Chapitre 38

Je descends de l'arbre le plus vite possible. Dans la précipitation, je glisse et chute. Mon corps rebondit contre les branches à de nombreuses reprises. Je pousse un miaulement plaintif sous la douleur. Je sors les griffes et tente de m'accrocher à quelque chose, mais rien y fait, je continue de tomber, jusqu'à atterrir durement sur le sol.

On est loin d'un atterrissage en douceur.

J'ai le corps endolori. Mes os craquent lorsque je tente de me relever. Je suis sonnée, et la douleur m'empêche presque de respirer.

Mais je ne m'avoue pas vaincue.

La vie de mon compagnon est en jeu. Je ne laisserais pas une sale blondasse me prendre l'homme que j'aime.

Prenant mon courage à deux mains, j'entame ma métamorphose. Celle-ci est douloureuse. Je me retiens de hurler alors que je sens mes os se déplacer, se casser, puis se réassembler.

Quelques secondes interminables plus tard, je suis allongée face contre terre, le front luisant de sueur. Je me relève avec difficulté, les membres tremblants. Je peine à me tenir sur mes deux jambes. Le paysage bouge autour de moi. Je manque de tomber lorsque je tente de faire un pas en avant.

Ce n'est pas dans cet état que je vais sauver qui que ce soit.

L'odeur du sang et le cri pressant du faucon me reviennent à l'esprit. Je ferme les yeux un instant, reprends mon souffle, et les rouvre quelques secondes plus tard. J'ai toujours aussi mal, mais le décor ne tourne plus.

Mettant de côté ma souffrance, je m'élance dans la direction du faucon. Je cours à vive allure, manquant de trébucher à plusieurs reprises. Je crois que ma fibula droite ne s'est pas complétement remise de la chute. Mais tant pis, je fais avec et continue de foncer.

Au fur et à mesure que je progresse, des sons inquiétants me parviennent. Des grognements, des hurlements, des couinements.

Rien de très rassurant.

Lorsque j'arrive sur les lieux, Andréas est couché sur le dos, les vêtements tachés de sang. A quelques mètres de lui, une louve aux poils blancs et crasseux se débat avec un faucon.

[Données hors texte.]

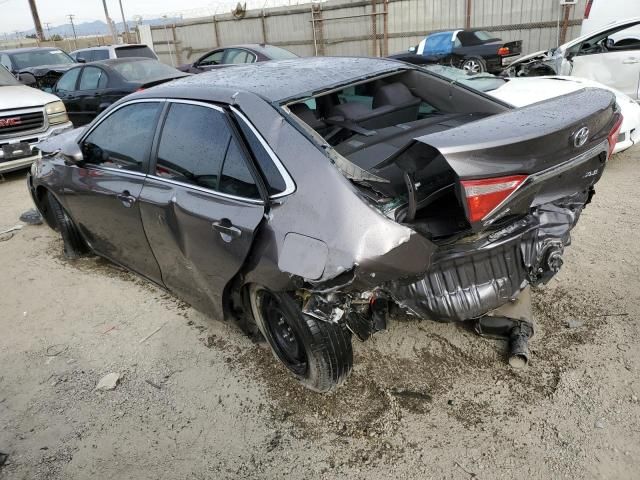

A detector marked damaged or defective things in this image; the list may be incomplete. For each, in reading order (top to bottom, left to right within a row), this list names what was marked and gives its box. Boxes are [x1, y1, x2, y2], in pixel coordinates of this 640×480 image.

damaged rear end [364, 89, 620, 322] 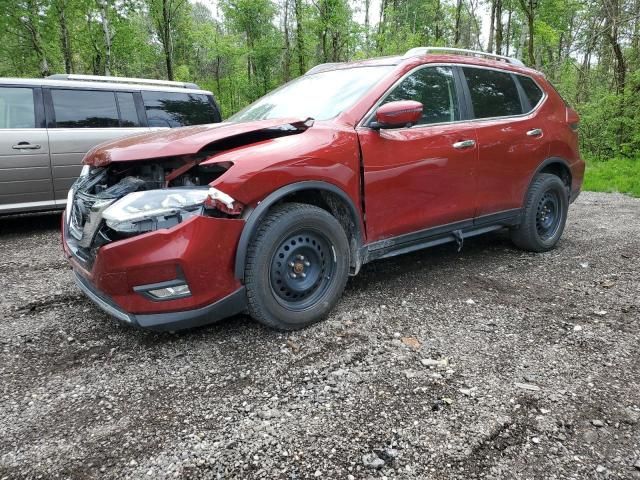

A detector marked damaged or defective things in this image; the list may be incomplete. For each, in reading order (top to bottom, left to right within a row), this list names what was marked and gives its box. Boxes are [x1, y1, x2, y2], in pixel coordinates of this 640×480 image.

broken headlight [102, 187, 242, 233]
crumpled hood [85, 117, 316, 167]
damaged red suv [61, 47, 584, 330]
front bumper damage [62, 213, 248, 330] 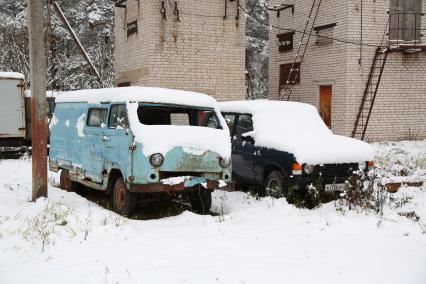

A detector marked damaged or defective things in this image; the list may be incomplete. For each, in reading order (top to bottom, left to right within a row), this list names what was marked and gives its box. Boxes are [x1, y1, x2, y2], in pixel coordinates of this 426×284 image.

Céleste enfonce les serres de sa patte dans l'œil de Nyce. La louve pousse alors un hurlement strident. Elle fonce droit contre le tronc d'un arbre, assommant le rapace au passage. Un craquement retentit. Céleste retombe à terre, son aile gauche plié dans un angle anormal.

La louve s'écarte. Son combat contre le faucon l'a épuisée, et son œil gauche est crevé. Mais ça ne l'empêche pas de me voir arriver et de me grogner après.

Ça ne sent pas bon pour moi ça.

La louve s'apprête à s'élancer quand je tends les bras devant moi.

-Temps mort ! Temps mort ! je m'écrie en formant un T avec mes mains.

Nyce se stoppe net dans son élan. Elle m'observe curieusement, se demandant certainement quel est donc mon plan saugrenu. Je me penche en avant, les mains sur les genoux, et prends une grande goulée d'air.

-Excuse-moi... cette course m'a... vraiment épuisée... oh putain, chui morte ! je râle, haletante après ma course dans la forêt.

Promis, si je gagne cette bataille, je me mets au sport.

Nyce reprend sa forme humaine tandis que je peine à reprendre mon souffle.

-Vas-t'en, tant que tu le peux encore. me dit-elle.

Contre toute attente, Nyce ne me semble pas froide. Avec le genre de plan qu'elle a mené, le malheur qu'elle a instauré dans ma vie, je m'attendais à me retrouver face à une personne abjecte et pleine de haine à mon égard. Au lieu de ça, j'ai presque l'impression qu'elle s'adresse à moi comme si elle était encore mon amie.

Drôle de façon de traiter la compagne d'un mec qu'on s'apprête à exécuter.

Je me redresse quelques secondes plus tard, enfin capable d'aligner plus de trois mots.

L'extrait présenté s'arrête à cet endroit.